Let us now discuss the possible physical origin of X-shape magnetic fields, in connection with their vertical parity. The natural tendency of a conventional galactic dynamo is to generate a symmetric, mainly horizontal, field in the disk and an antisymmetric, possibly dipole-like, field in the halo (e.g., Sokoloff & Shukurov 1990). In general, though, the disk and halo fields are coupled together and do not evolve independently. What usually happens is that one field enslaves and imposes its natural parity to the other, so that the total (disk + halo) field ends up being either symmetric (if the disk dynamo dominates) or antisymmetric (if the halo dynamo dominates) (Moss & Sokoloff 2008). However, in the presence of a moderate galactic wind, the total field can sometimes have mixed parity, being approximately symmetric in the disk and approximately antisymmetric in the halo (Moss et al. 2010).

All-sky RM maps point to such a mixed-parity magnetic configuration in our Galaxy (Rand & Lyne 1994; Oren & Wolfe 1995; Han et al. 1997, 1999; Frick et al. 2001). The situation in external galaxies remains uncertain, but the available data would also tend to suggest mixed parity. In the particular case of NGC 5775, a preliminary derivation of RMs toward the halo revealed a flip in the RM sign across the midplane, consistent with an antisymmetric poloidal halo field (Tüllmann et al. 2000); however, a subsequent RM analysis using additional data at a shorter wavelength (almost free of Faraday rotation) found the RM sign to be continuous across, and out to large distances from, the midplane (Soida et al. 2011). In a more comprehensive study, RM synthesis of a sample of 21 WSRT-SINGS galaxies suggests that the halo field generally possesses a symmetric (axisymmetric spiral quadrupole) component, which would be a mere extension of the symmetric thick-disk field, plus an antisymmetric (almost purely poloidal dipole) component, which would become dominant in the upper halo (Braun et al. 2010).

Regardless of vertical parity, conventional dynamo fields do not naturally come with an X shape, but they can potentially acquire one under the action of a galactic wind (e.g., Brandenburg et al. 1993; Moss et al. 2010). Quite naturally, symmetric X-shape fields would be related to the disk dynamo, while antisymmetric X-shape fields would be related to the halo dynamo.
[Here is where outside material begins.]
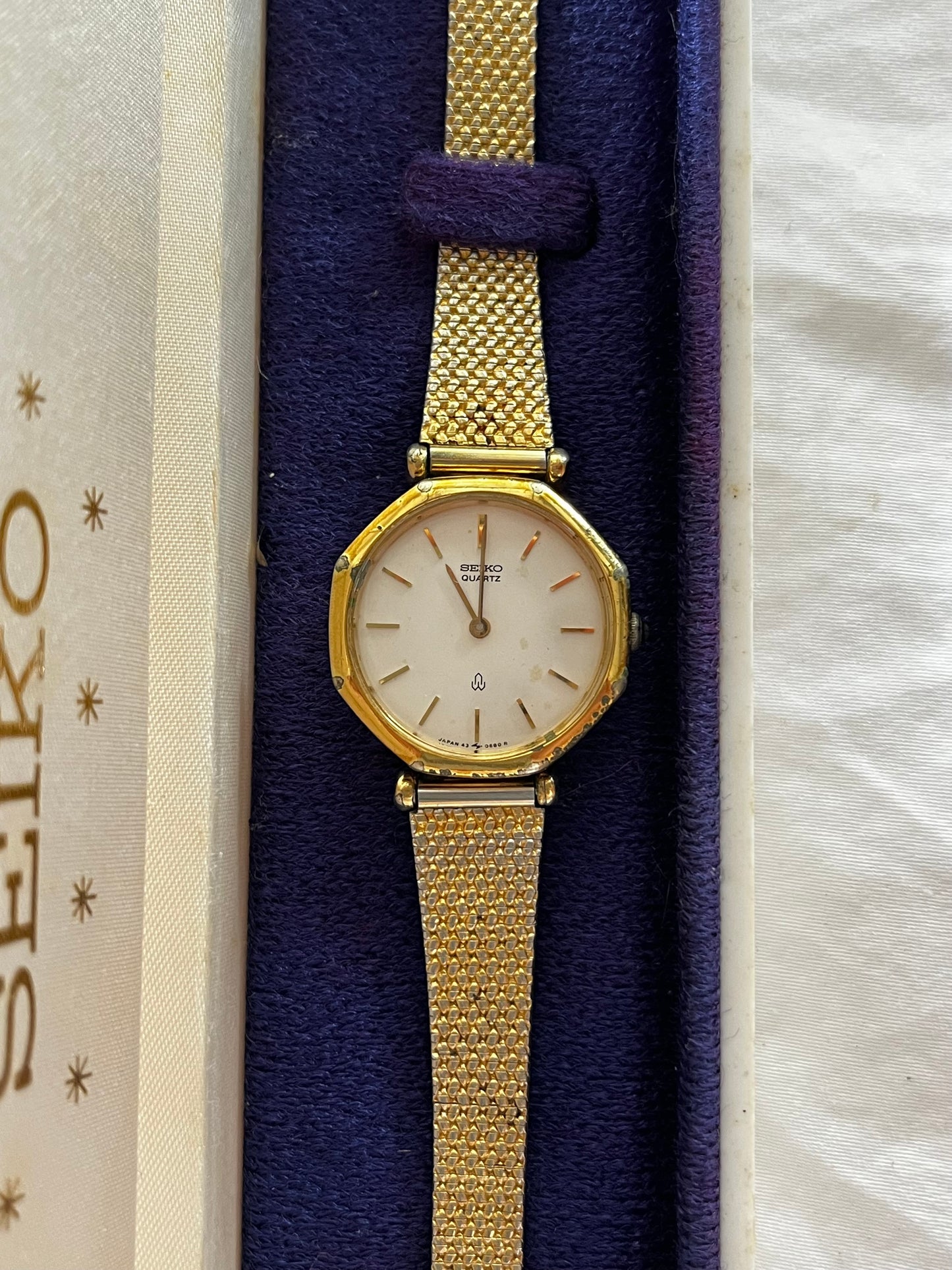 Vintage Gold Tone Seiko Watch with Round Dial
More specifically, the former could be explained with a wind originating near the galactic plane and advecting the disk dynamo field into the halo, while the latter could be explained with a wind blowing from the base of the halo and stretching out the halo dynamo field into an X shape.
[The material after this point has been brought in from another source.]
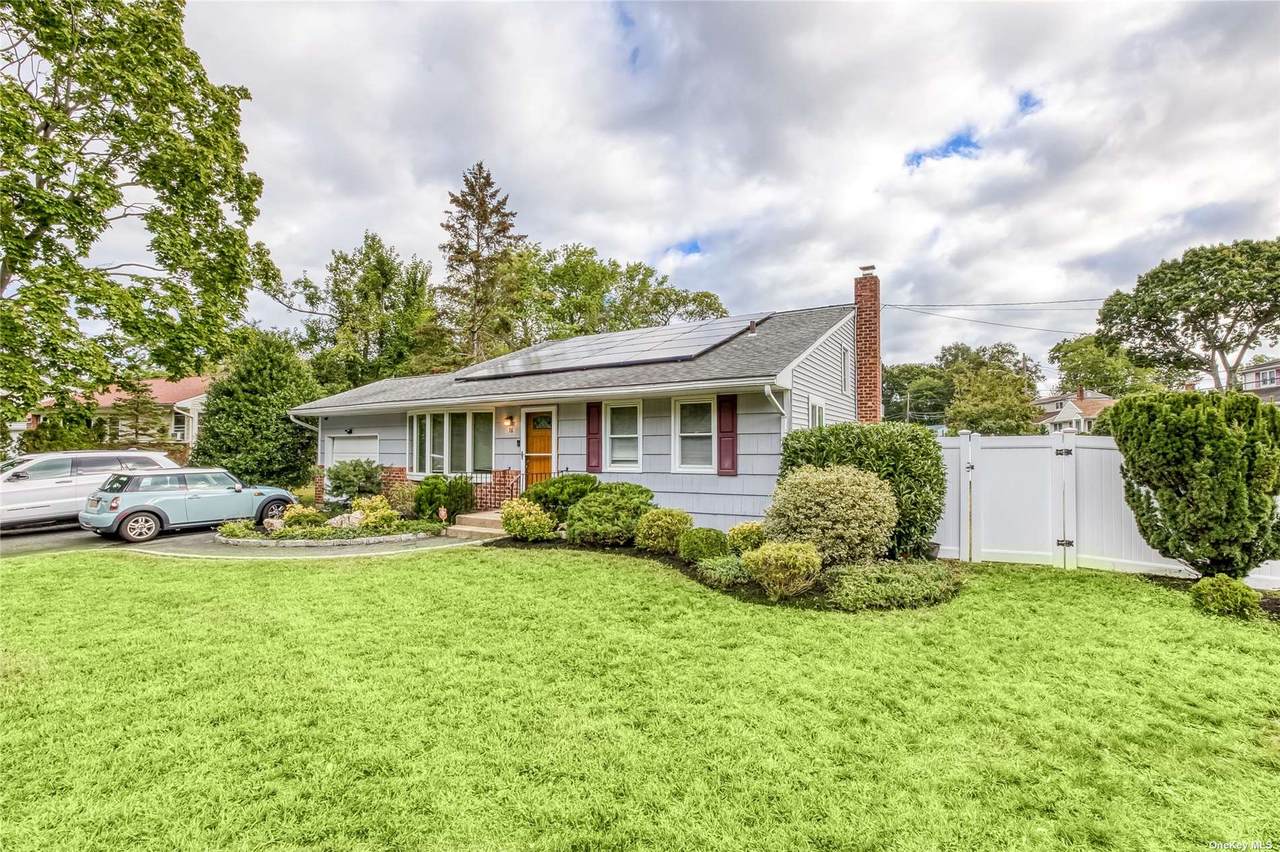 76 Dix Hills Road - Photo 1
From a morphological point of view, in models A, B and D, where low-|z| field lines tend to follow the galactic plane, the X-shape field could conceivably be traced back to an initially horizontal disk field, assuming the wind has the following properties: in model A, the wind would blow obliquely outward from the disk (possibly due to pressure gradients; see the hydrodynamical simulations of Dalla Vecchia & Schaye 2008); in model B, the wind would have a weak oblique component emanating from the disk plus a strong bipolar-jet component emanating from the galactic center (most likely driven by an AGN or by a nuclear starburst); and in model D, the wind would take the form of a champagne flow originating in the central region (probably due to strong stellar activity). In these three models, the X-shape field could a priori be either symmetric or antisymmetric, but if it is indeed connected to the disk field and if the latter has evolved to and retained its natural parity (two non-trivial conditions), the X-shape field should be symmetric. In contrast, in model C, where field lines cross the galactic plane, the X-shape field is easily reconciled with an initially dipole-like halo field, which was blown open either along the plane by an oblique wind from the disk or along the z-axis by a champagne flow from the central region. In this model, the X-shape field would obvioulsy keep the antisymmetric character of the initial dipole-like field.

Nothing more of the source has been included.